▸ Supplied information:
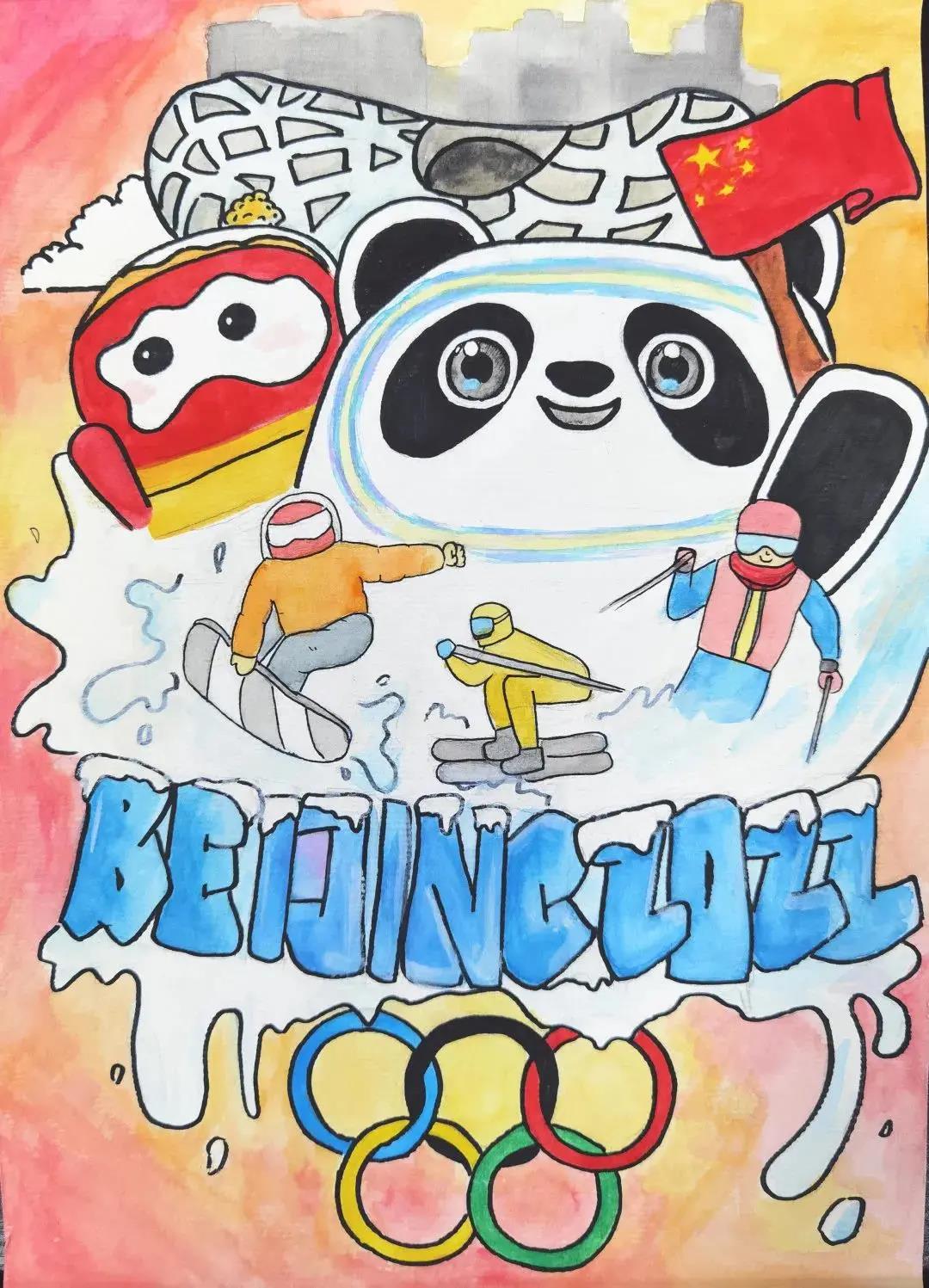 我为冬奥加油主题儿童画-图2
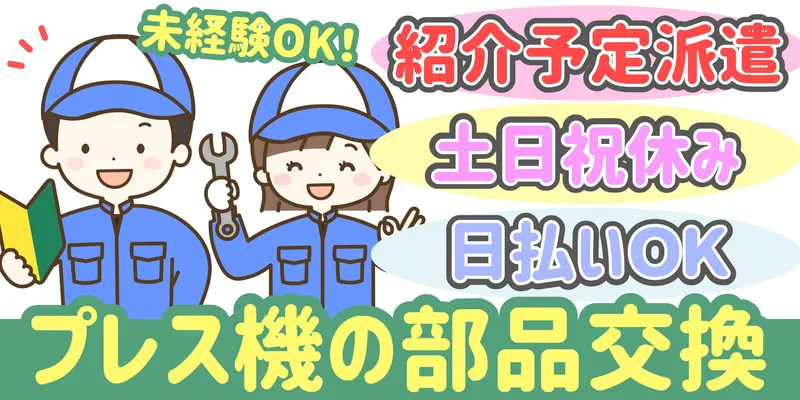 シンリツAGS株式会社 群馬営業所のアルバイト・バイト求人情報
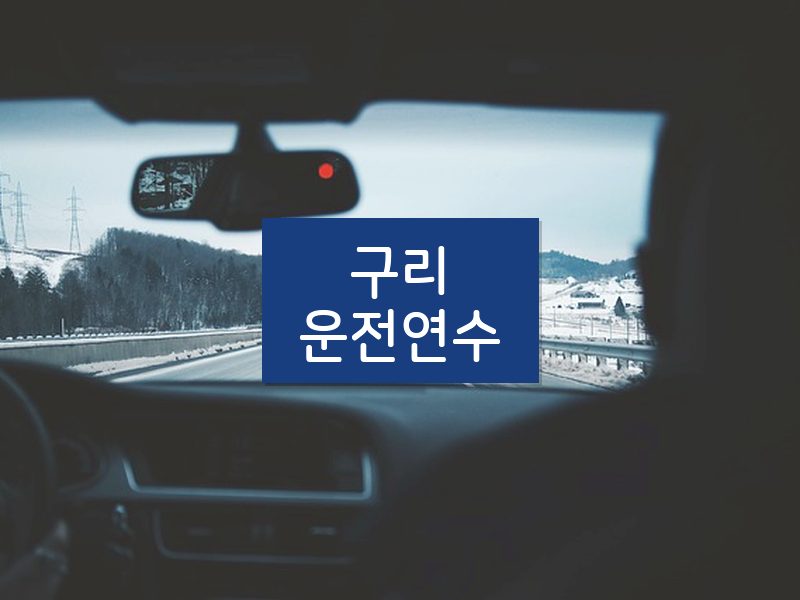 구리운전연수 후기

▸ Work instruction: The answer is the whole listing above, written out verbatim, without its pictures.

▸ The completed task:
 我为冬奥加油主题儿童画-图2
 シンリツAGS株式会社 群馬営業所のアルバイト・バイト求人情報
 구리운전연수 후기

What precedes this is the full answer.